Friday, November 27, 2009

Socially redemptive qualities of money and markets

The breakdown of the neoliberal world economy from The Memory Bank by keith
Lessons from Marcel Mauss and Karl Polanyi
Anthropology in the financial crisis

Everybody knows that we are living through a hinge moment in world history generated by the financial crisis of 2008. The collapse of the credit boom has already had dramatic social consequences: the default and nationalization of banks, dramatic losses of personal savings and mortgage foreclosures on a massive scale. Where it will all end is anyone’s guess. Apart from these tangible effects, the present crisis also concerns ideas about the economy. Free market economics has gained an unparalleled dominance within the academy and society more generally in the last three decades.

Economists, armed with impenetrable mathematical arguments, encouraged politicians like Margaret Thatcher and Gordon Brown to claim ‘there is no alternative’ (TINA) to their market fundamentalism.

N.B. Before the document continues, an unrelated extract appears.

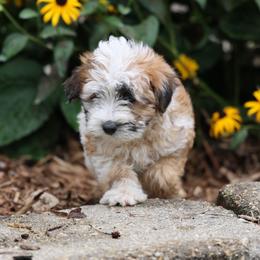 Mia - Merle female Whoodle puppy in West Bend, Iowa from Blue Skies Terriers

They preached an eternally benevolent spiral, ‘beyond boom and bust’, guaranteed by radically reducing the role of the state and politics in distribution – the question of who gets what in the world. The collapse of this pretence has been as sudden as the paper fortunes built on it. All too often a distinction is drawn between the world of finance and the ‘real economy’, as if borrowing money for holidays against rising house prices and the theft of public assets by corporate predators were not real. I argue for a perspective that treats money as an integral part of society rather than as something semi-detached from it (Hart 2000, 2007a).

The period since the 1980s, sometimes referred to as ‘neo-liberal globalization’, has seen two apparently contradictory trends. On the one hand, for the first time significant numbers of anthropologists have studied capitalism in its central workings; on the other, the majority have become more insular and introverted, offering fragmented narratives within a narrow framework of time and space, while leaving to others questions of where the world is heading and why. The breakdown of the economists’ intellectual hegemony represents a chance for us to link our engagement with people’s lives to anthropology’s original mission to understand humanity as a whole. We have perhaps been intimidated into adopting a more blinkered posture than is warranted by our own intellectual traditions. [...]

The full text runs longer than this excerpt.